(Crawled caption data)

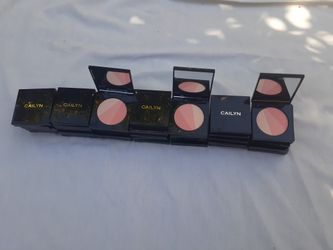 Powder.

Brand:

CAILYN,

Color:

Assorted. 
Skin Tone:

Light,

Product Benefits:

luminosity, highlight, flawless, bleding, glow.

== What is needed ==
Copy the preceding data in full and word for word, dropping its pictures.

== Written response ==
 Powder.

Brand:

CAILYN,

Color:

Assorted. 
Skin Tone:

Light,

Product Benefits:

luminosity, highlight, flawless, bleding, glow.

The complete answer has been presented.